A verbatim transcription of the listing below is required, without its pictures.
-- DATA EXCERPT follows --
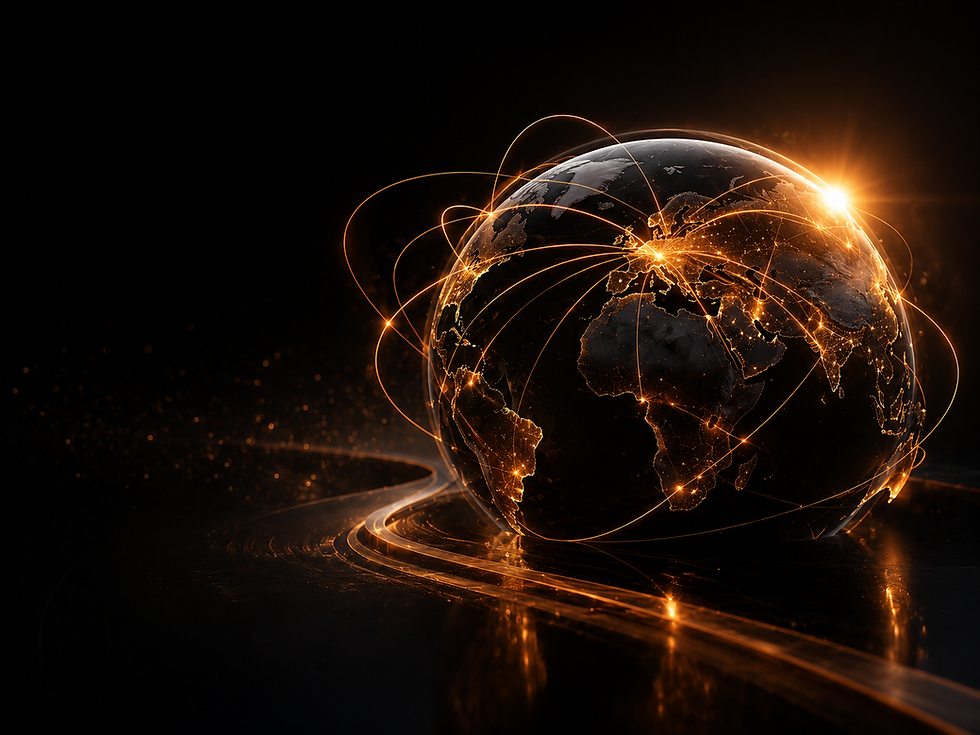 The Raffles Education Network spans 16 educational institutions across 14 cities in 9 countries, including key locations in Europe, the Middle East, Asia, China, and India.
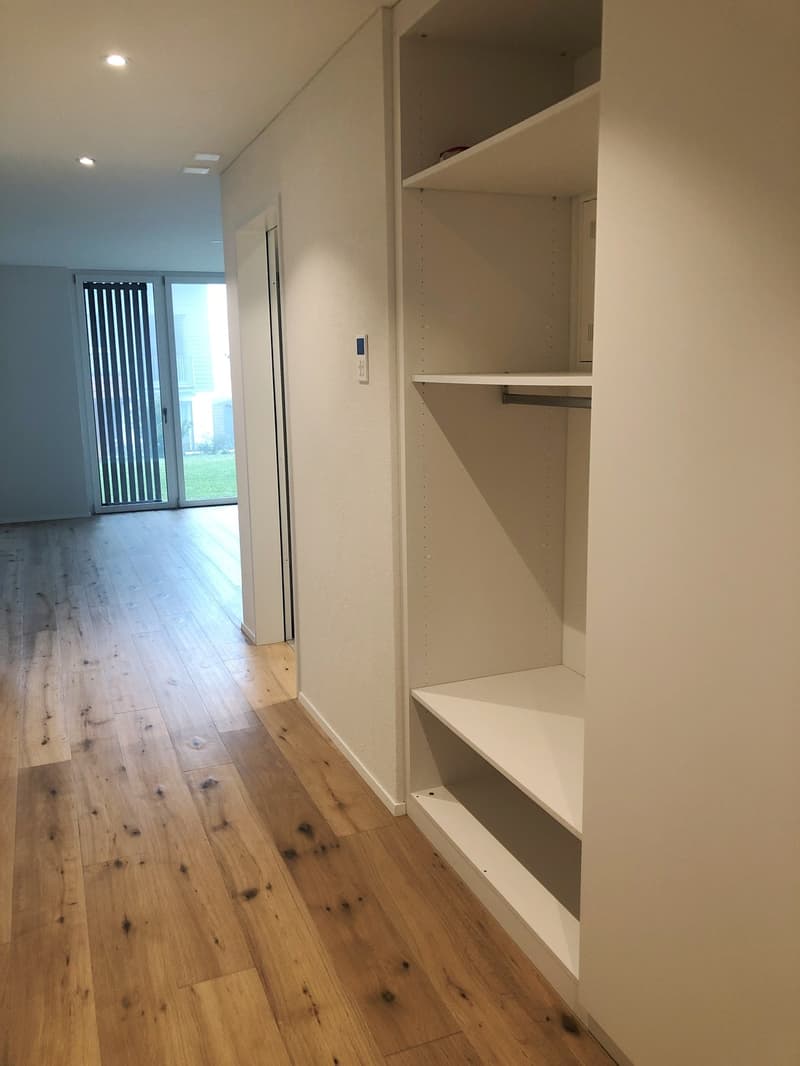 Attractive 3.5-room apartment in a quiet residential area (7)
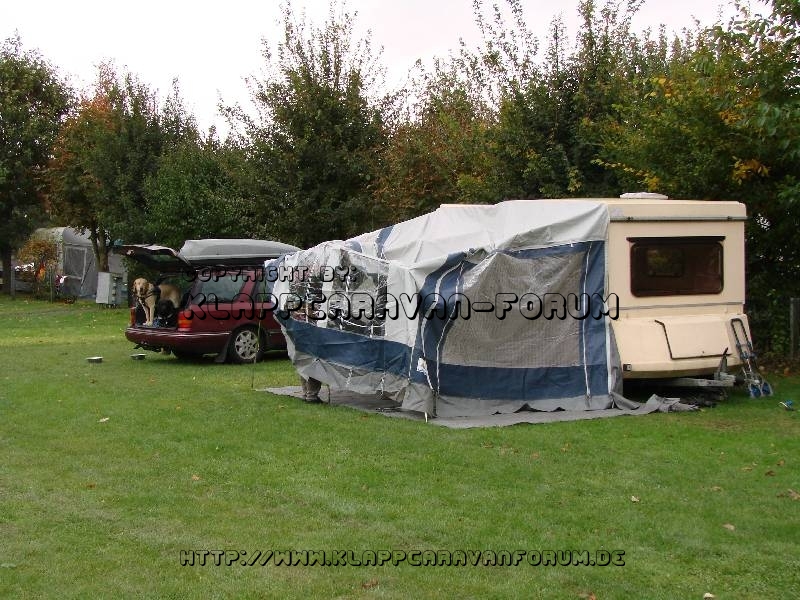 Treffen Lengerich KappensKlappi
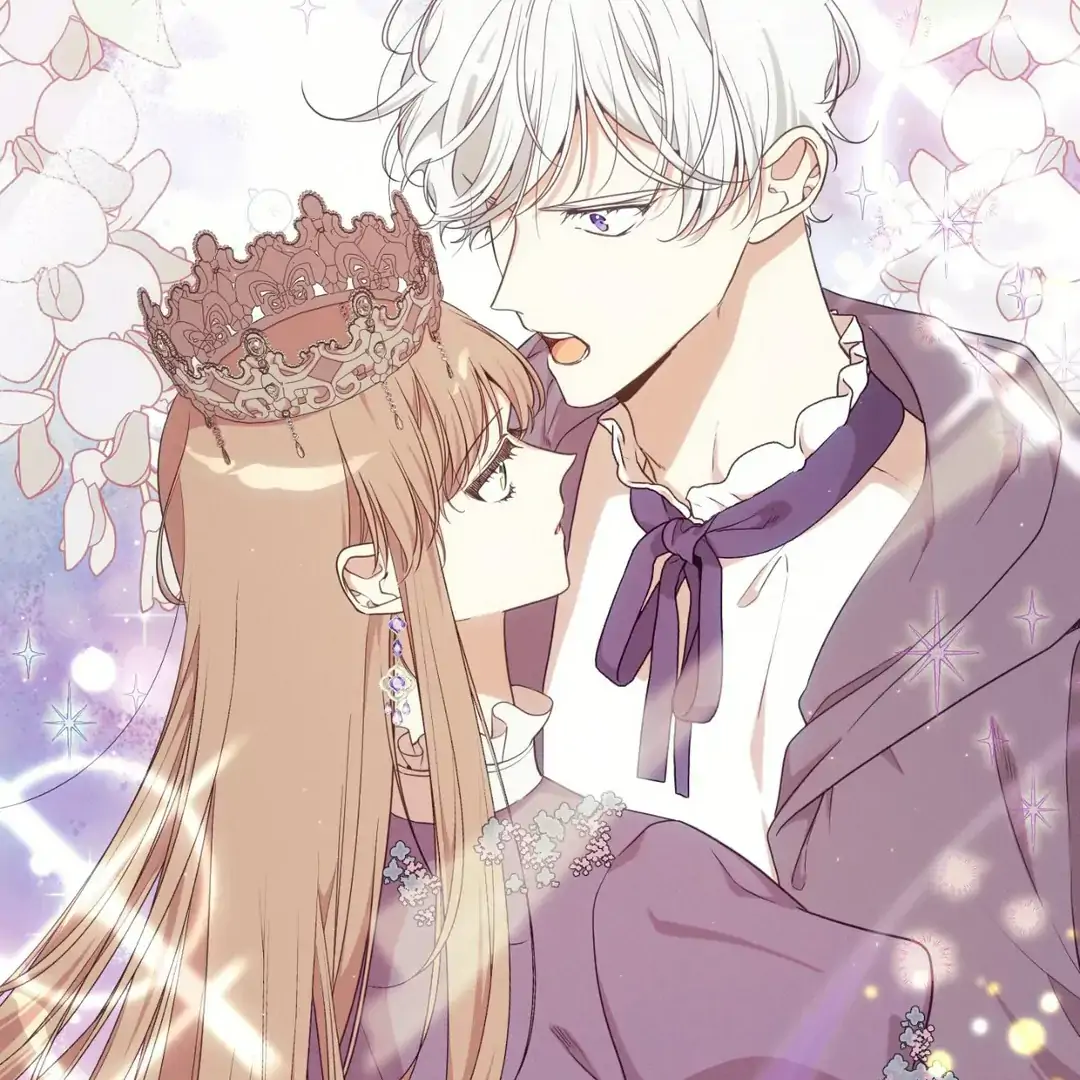 I am the Older Sister of the Possessed Female Lead Chapter 89 - page 112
-- DATA EXCERPT concluded --
■ SOLUTION
 The Raffles Education Network spans 16 educational institutions across 14 cities in 9 countries, including key locations in Europe, the Middle East, Asia, China, and India.
 Attractive 3.5-room apartment in a quiet residential area (7)
 Treffen Lengerich KappensKlappi
 I am the Older Sister of the Possessed Female Lead Chapter 89 - page 112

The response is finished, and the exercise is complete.